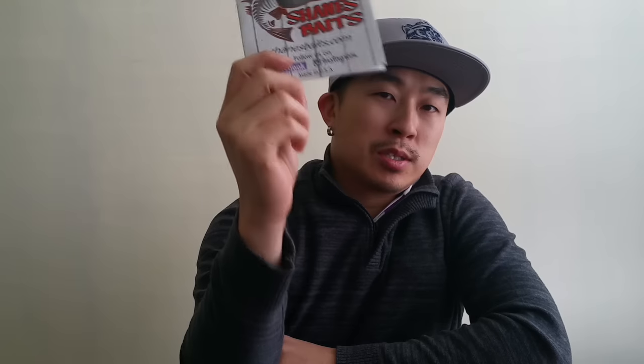Most importantly guys, make sure you check your state regulations on Alabama rigs because not every state allows them. They may not even call it Alabama rigs — you may have to read into how many hooks a lure can have. So check that out before you look into Alabama rigs. But if you guys can use it, it's a really great lure to search for bass during pre-spawn. Thank you for watching, and thank you to Shane's Bait for giving us this nice gift. Check them out on Facebook, Instagram, and their website — everything's there. Thank you for watching, guys. Peace out.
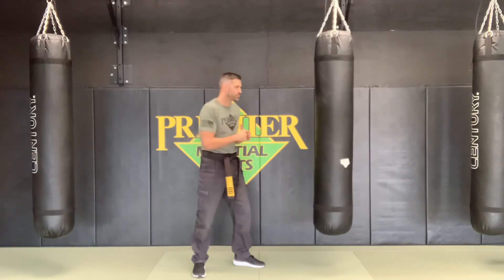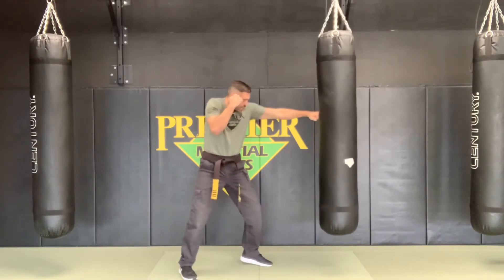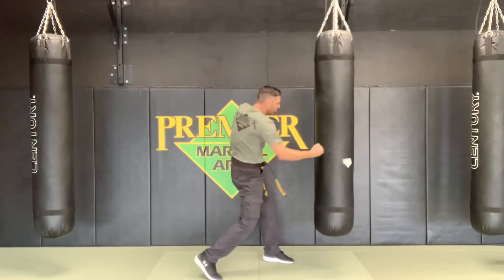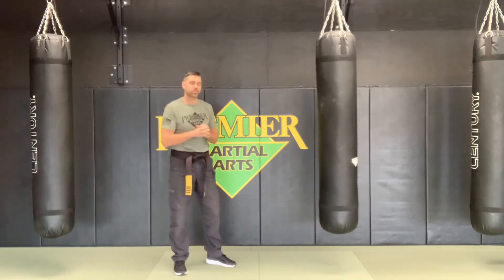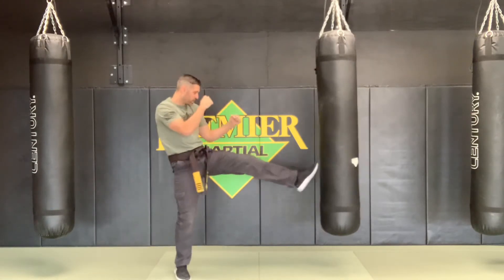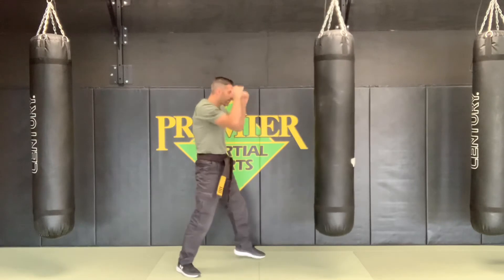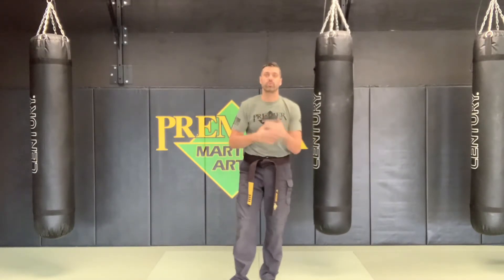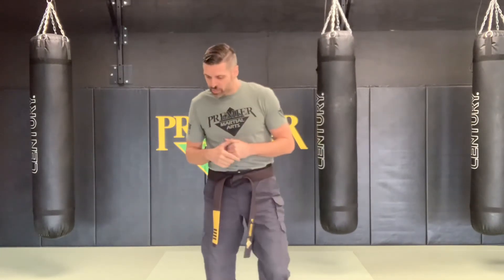For basic strikes, we expect students to know the terminology: the jab is the lead hand, the cross is the rear hand, and we also cover lead hook, rear hook, lead uppercut, and rear uppercut. They don't need to look perfect yet, just understand the terminology. For kicks, the next four pieces are lead front kick and rear front kick, plus lead roundhouse kick and rear roundhouse kick. We've also added bonus kicks like side kicks and hook kicks, which are extra credit points right now.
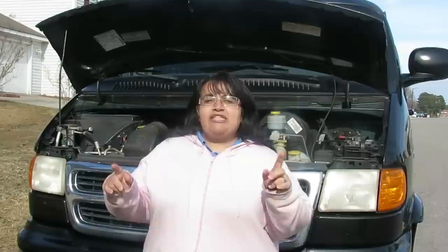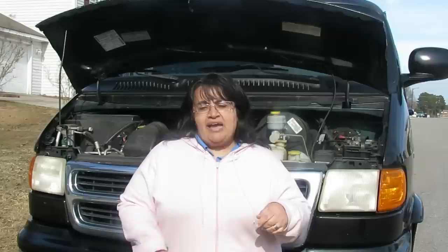Today we worked on a 2000 Dodge Ram 1500 with the 3.9 engine, 122,000 miles. That's how you do front brakes, rotors, and wheel bearings. If you have any comments or questions post them below or email us at tim@astralautorepairs.com. If we can't repair it, nobody can. See you next time.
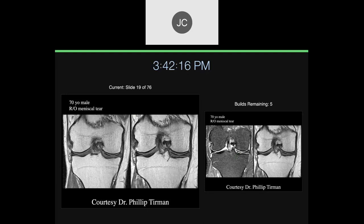This is from Dr. Tierman — a 70-year-old male they were concerned about regarding a meniscal tear, but he was concerned about something else. We see linear low signal in the lateral compartment. This is the lateral compartment, this is the medial compartment, there's a medial collateral ligament, and this is the lateral part. On this PD fat sat image, what could this low signal be? It could be a discoid lateral meniscus.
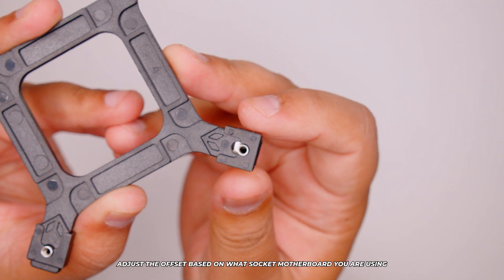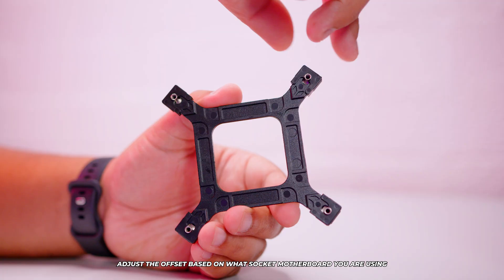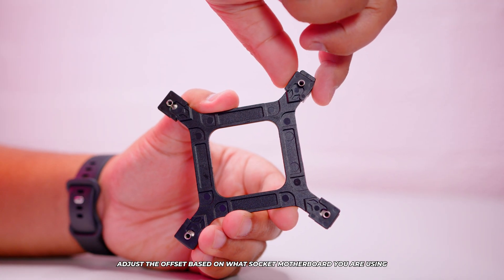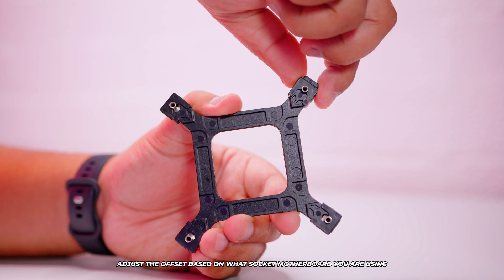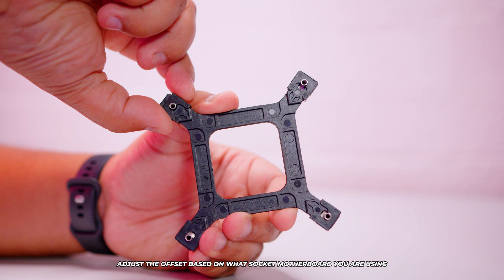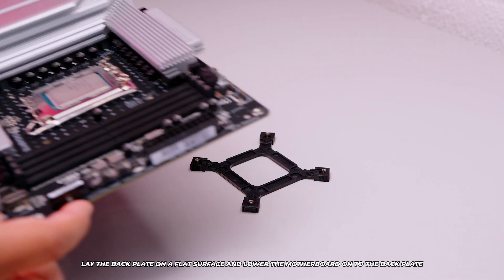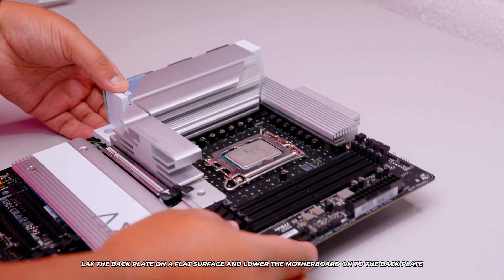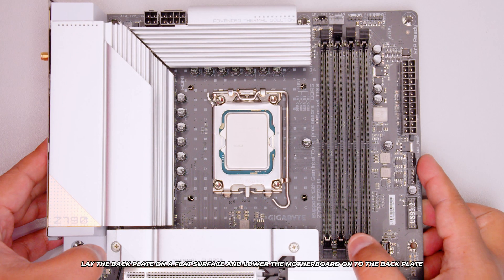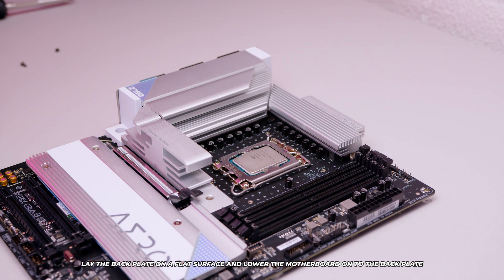Now we're going to move on to the back plate. The back plate is adjustable for both LGA 1700 and older LGA sockets — slide it towards the outside for LGA 1700, or inside for the older sockets. To install the back plate, put it on a flat surface if the motherboard is out of your case, then lower the motherboard onto the back plate, aligning the holes correctly with the offset you set earlier. And that's it — back plate is installed.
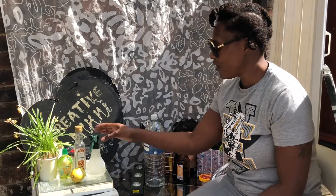Hello guys, welcome to my channel Creative Vicky. Today I'm going to be doing the rice water.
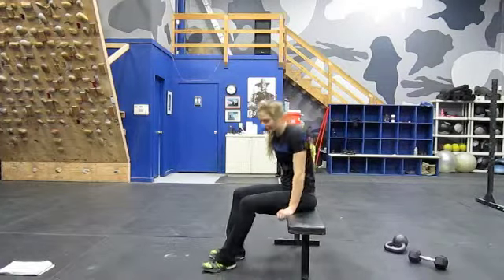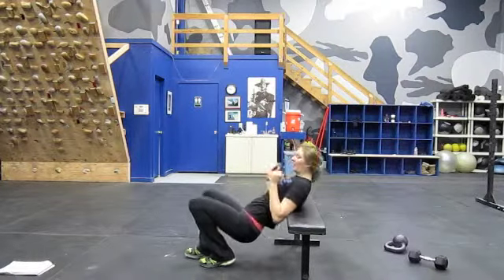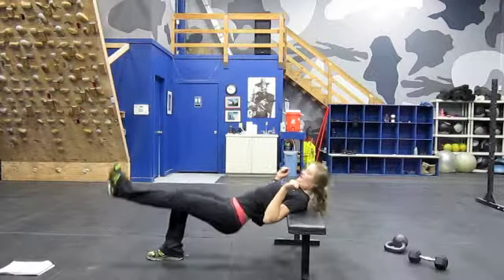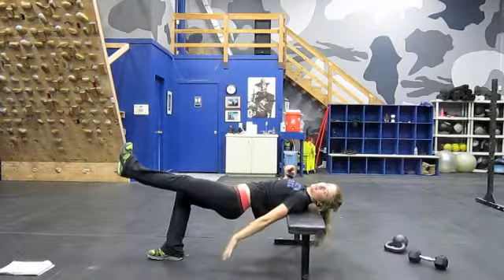Alright, this is the one-legged hip bridge. You're going to rest your upper body on a bench or a box, and with one leg out like that, you're just going to go down — my entire upper body is parallel to the ground.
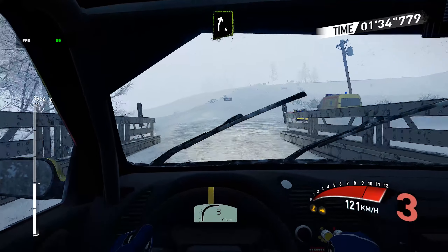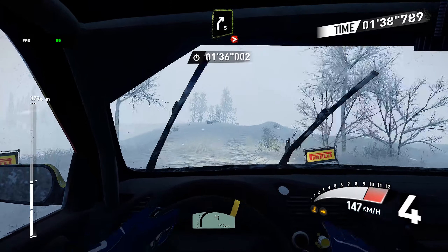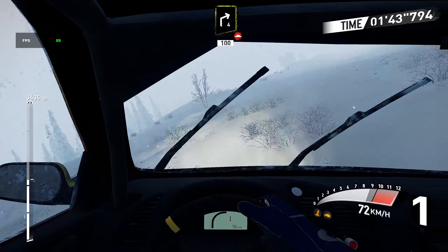And right, six. Caution, right five over crest, tighten. Into left four. And right four, 100 bumping.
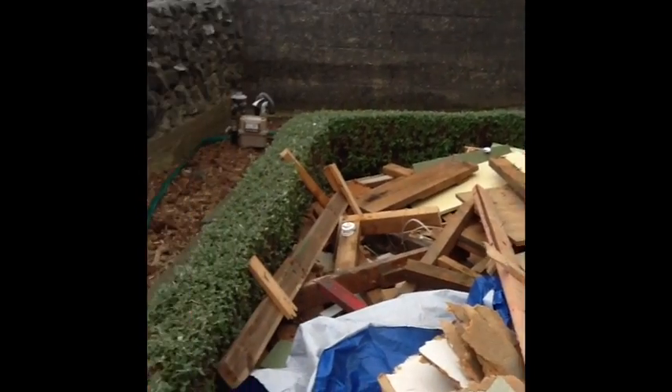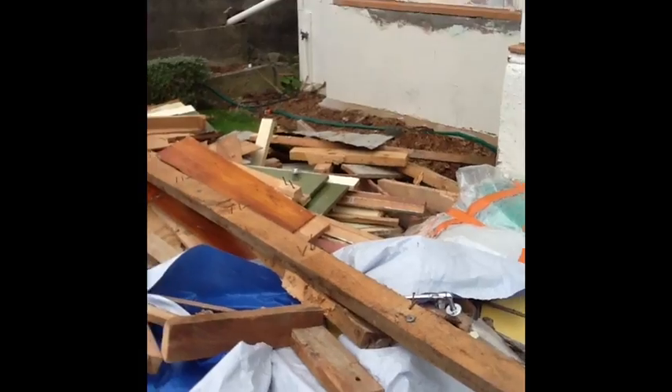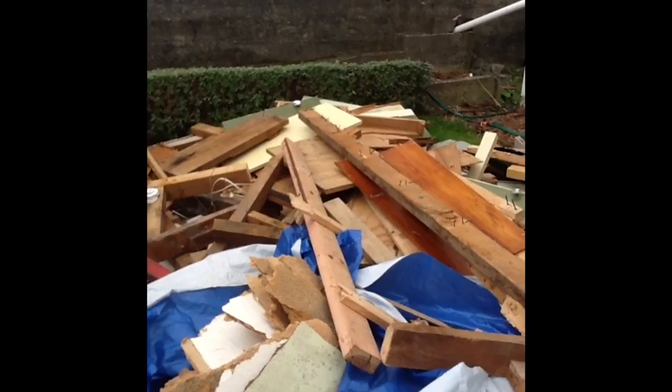Okay, so this is podcast number four, or videocast number four, and this is the heap that is the ever-growing heap in the front of my garden. All I can say to this is, my poor lawn. Anyway, moving on.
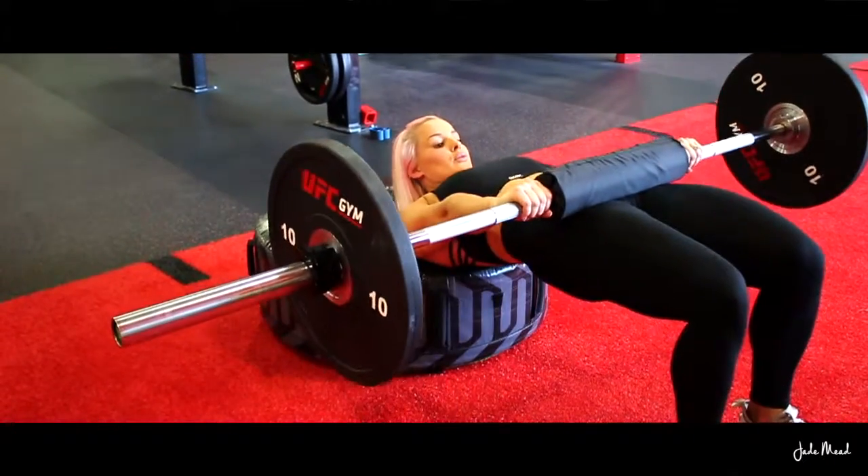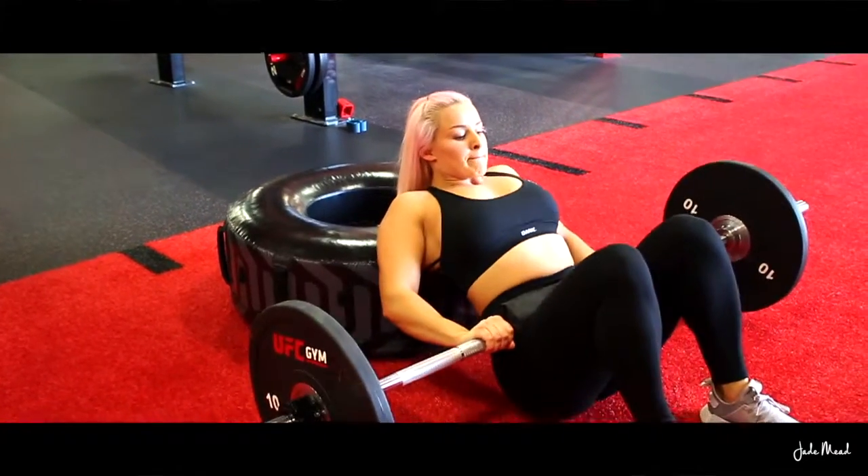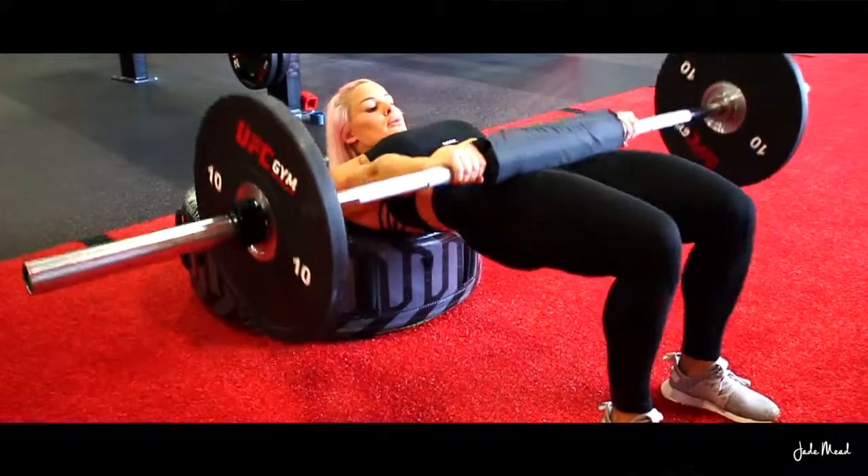When performing a hip thrust, keep your hips in a posterior tilt, raising your hips up to full extension and keep your knees out — don't let them cave in. This will all ensure maximum glute activation and prevent back pain.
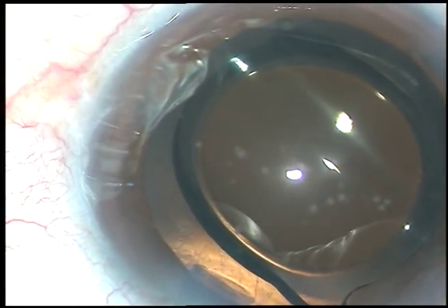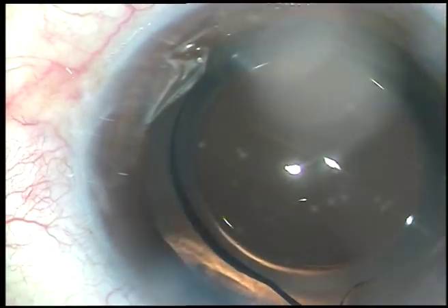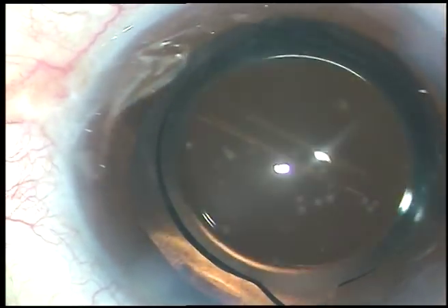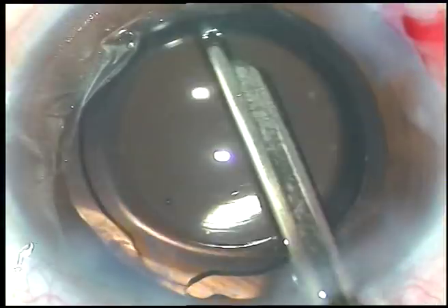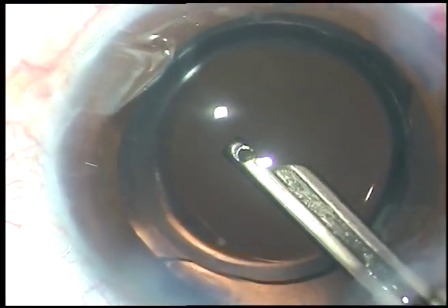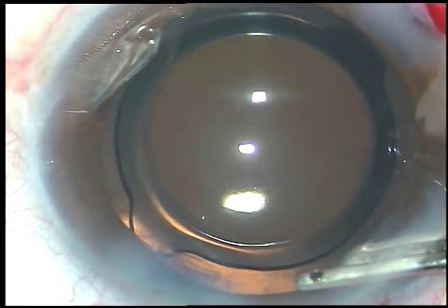A bit of moxifloxacin is added. The side ports are hydrated, and after hydrating the side ports, a final lavage of the anterior chamber is done. I use balanced salt solution — BSS. The lens is dialed a bit and the bag is also irrigated. Finally, after forming the anterior chamber, the case is concluded. Hope this video will help you in developing your surgical skills. Thank you very much for watching.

> _PROBLEM_:
The expected answer consists solely of the lines from the one with "Okay, so this" through the last line of the listing above, restated exactly, minus any pictures.

> _ANSWER BOX_:
Okay, so this is podcast number four, or videocast number four, and this is the heap that is the ever-growing heap in the front of my garden. All I can say to this is, my poor lawn. Anyway, moving on.
When performing a hip thrust, keep your hips in a posterior tilt, raising your hips up to full extension and keep your knees out — don't let them cave in. This will all ensure maximum glute activation and prevent back pain.
A bit of moxifloxacin is added. The side ports are hydrated, and after hydrating the side ports, a final lavage of the anterior chamber is done. I use balanced salt solution — BSS. The lens is dialed a bit and the bag is also irrigated. Finally, after forming the anterior chamber, the case is concluded. Hope this video will help you in developing your surgical skills. Thank you very much for watching.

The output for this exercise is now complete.